Vision AI Lab, which operates under the AI Center and competes as Team VARCO, was a finalist in the third round of the AI Grand Challenge hosted by the Ministry of Science and ICT. The goal of this competition, held from 2019 to 2022, was to solve various tasks in complex disaster scenarios using AI and robotics. Over four years, 175 teams and 935 participants tested their problem-solving skills in this multi-staged challenge.
Team VARCO won the first, second, and third stages in 2019, 2020, and 2021, respectively, and also won the fourth and final stage in 2022. Among the teams participating in the final challenge, they were the only team to win the previous three consecutive years and were recognized for their proficiency with AI technology. The challenge in the final competition was to operate a drone in a disaster scenario and complete the mission. This article follows Team VARCO's journey to victory by revealing how they solved the challenge.

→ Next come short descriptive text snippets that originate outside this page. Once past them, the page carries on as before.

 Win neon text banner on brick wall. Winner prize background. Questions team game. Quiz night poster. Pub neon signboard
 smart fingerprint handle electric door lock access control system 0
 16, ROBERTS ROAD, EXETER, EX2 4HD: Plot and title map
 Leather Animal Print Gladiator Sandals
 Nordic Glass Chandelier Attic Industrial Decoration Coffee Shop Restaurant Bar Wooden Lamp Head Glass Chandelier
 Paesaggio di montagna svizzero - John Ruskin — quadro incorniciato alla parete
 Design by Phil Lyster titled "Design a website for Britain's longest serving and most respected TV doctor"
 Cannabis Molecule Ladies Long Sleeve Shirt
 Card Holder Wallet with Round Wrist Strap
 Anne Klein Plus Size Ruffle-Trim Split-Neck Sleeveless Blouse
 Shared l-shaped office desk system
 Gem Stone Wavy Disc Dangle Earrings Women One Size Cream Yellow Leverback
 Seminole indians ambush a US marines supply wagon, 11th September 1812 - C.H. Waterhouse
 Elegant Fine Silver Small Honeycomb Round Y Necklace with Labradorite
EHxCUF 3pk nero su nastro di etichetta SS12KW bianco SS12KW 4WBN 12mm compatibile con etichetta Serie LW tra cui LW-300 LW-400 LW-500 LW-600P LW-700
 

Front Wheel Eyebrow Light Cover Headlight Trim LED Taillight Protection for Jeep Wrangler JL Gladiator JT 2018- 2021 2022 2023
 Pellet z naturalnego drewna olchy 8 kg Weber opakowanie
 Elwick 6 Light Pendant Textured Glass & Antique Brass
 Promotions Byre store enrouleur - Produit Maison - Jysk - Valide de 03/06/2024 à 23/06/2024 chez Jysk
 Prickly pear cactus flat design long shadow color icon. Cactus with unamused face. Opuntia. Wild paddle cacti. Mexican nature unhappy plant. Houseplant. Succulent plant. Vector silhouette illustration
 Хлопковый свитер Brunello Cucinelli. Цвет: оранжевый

Challenging Korea's Most Prestigious AI Challenge Competition
In 2019, Vision AI Lab researched digital image OCR (Optical Character Recognition) technology for game development QA (Quality Assurance). OCR technology recognizes text information appearing on the game screen, so it can also be used for translation and review.
Vision AI Lab has focused its research on technology that detects text in colorful and complex backgrounds, recognizes text in various fonts, and accurately recognizes game terms. They were able to confirm their technological competitiveness in the AI Grand Challenge.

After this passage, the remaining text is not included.